February 13, 2014
The juicy lives of Japan’s literary greats, now in comic book form
by Martin Rouse
Even if you’ve never read a book in your life, you probably have a special place in your heart for at least one famous literary figure (no judgment, Jane Austen fans). Japanese manga artists understand this, and thus continue to crank out comics based on the lives of famous Japanese writers.
“Lives meaning biographies?” you ask skeptically, already losing interest. No way! “Lives” meaning the juicy love details, favorite foods, and everything you actually want to know about the lives of literary greats.
Manga artists have always had an obsession with literary, historical, and now philosophical figures, but this recent crop of author fare is particularly fun. Asahi Shimbun staff writer Kensuke Nonami notes “Koisuru Bungo” (Literary Giants in Love), a manga that details the real life romantic pursuits of Soseki Natsume, Ogai Mori, and Junichiro Tanizaki, who scandalously “encouraged his wife to have a relationship with his friend and fellow writer.”
Or, if sensual love stories somehow aren’t your thing, there’s also “Bungo no Shokusai” (Literary Giants’ Gourmet Foods), which illustrates various authors’ preferred cuisine, or—even better—“Bungo Stray Dogs,” which reinvents authors like Osamu Dazai and Rampo Edogawa as armed detectives with super powers based on their writings.
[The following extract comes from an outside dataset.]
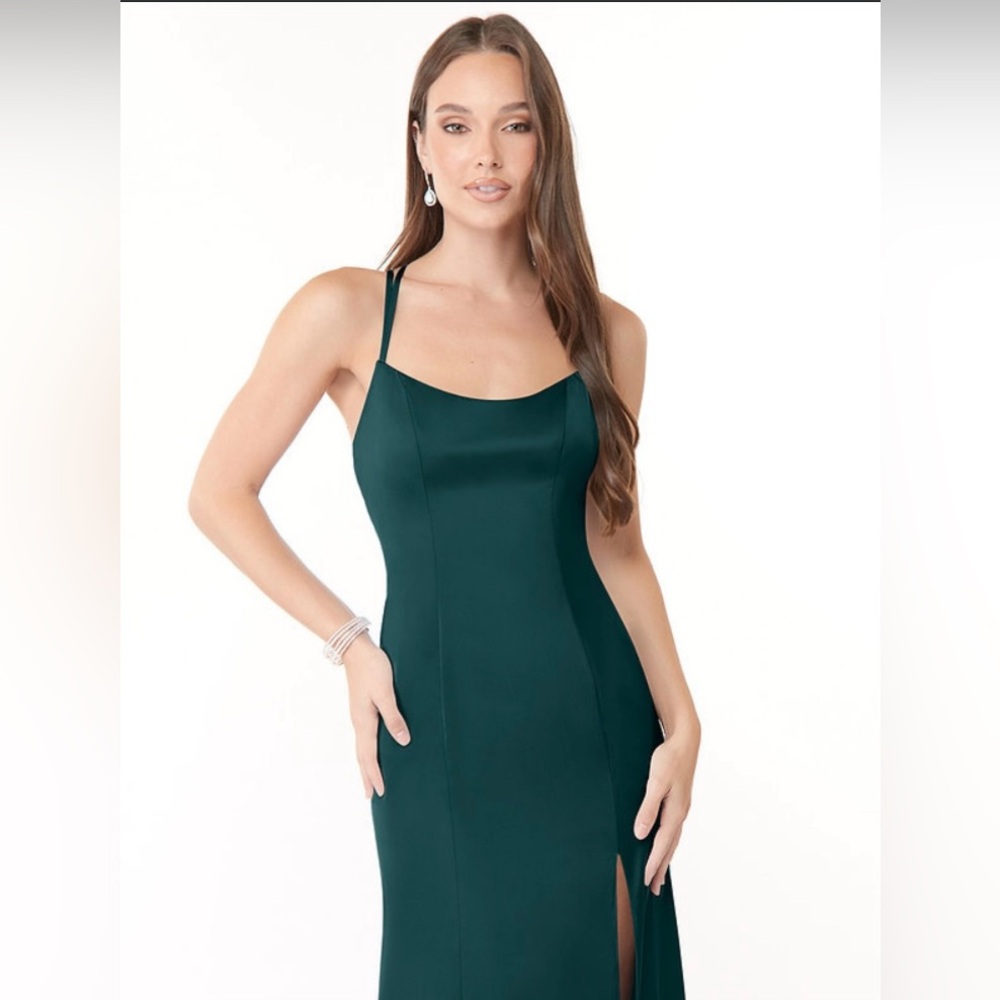 Azazie Visela dress Pine Green, size 10, New with tags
Lest you assume comic books featuring great literary minds would be too dense to actually enjoy, Nonami assures you that “Koisuru Bungo” is drawn in easily digestible “kyun kyun” style, a cute rendering of characters designed to please girls and young women. “Bungo Stray Dogs” is also especially popular with women, and would be a great gift for anyone who loves explosions or hates getting headaches from big words.
Its editor, Hirotsugu Kato, has his own take on this phenomenon, saying, “[These comics have] been criticized for being far-fetched … but it makes me glad when I hear that young readers who had never read or been interested in the great writers’ works say they now read their representative works.”
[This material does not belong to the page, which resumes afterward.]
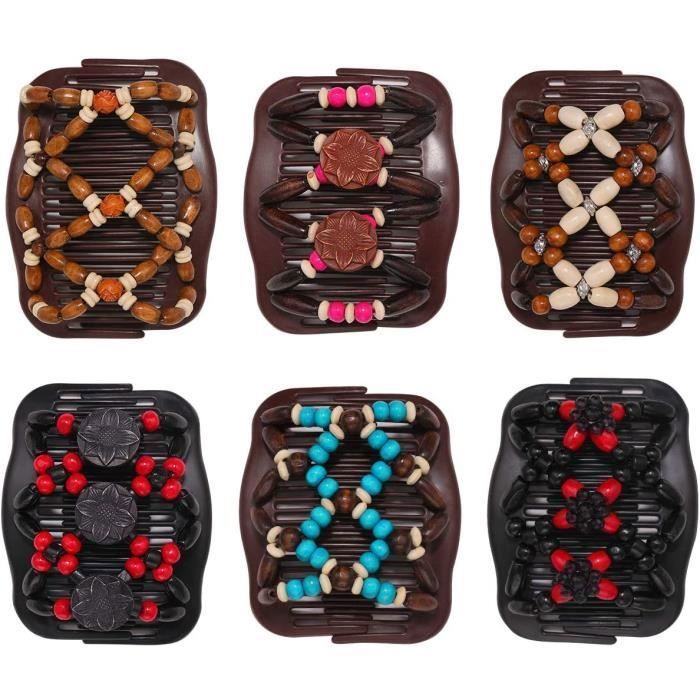 Lot de 6 peignes à cheveux Magic Hair Comb - Perles élastiques - Barrette à cheveux extensible - Perles magiques - Double pince à ch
Representative works? It’s easy to forget that these manga characters actually wrote something in the way of literature at some point. If pressed, Kato might tell you that Tanizaki’s novel Naomi offers more of a compelling love story than any comic ever could, or that Edogawa’s The Human Chair is one of the most thrillingly disturbing short stories around. Dazai’s The Setting Sun is a beautiful meditation on the declining aristocratic class—if one has the attention span to read it. But who does? I’d rather they have super powers.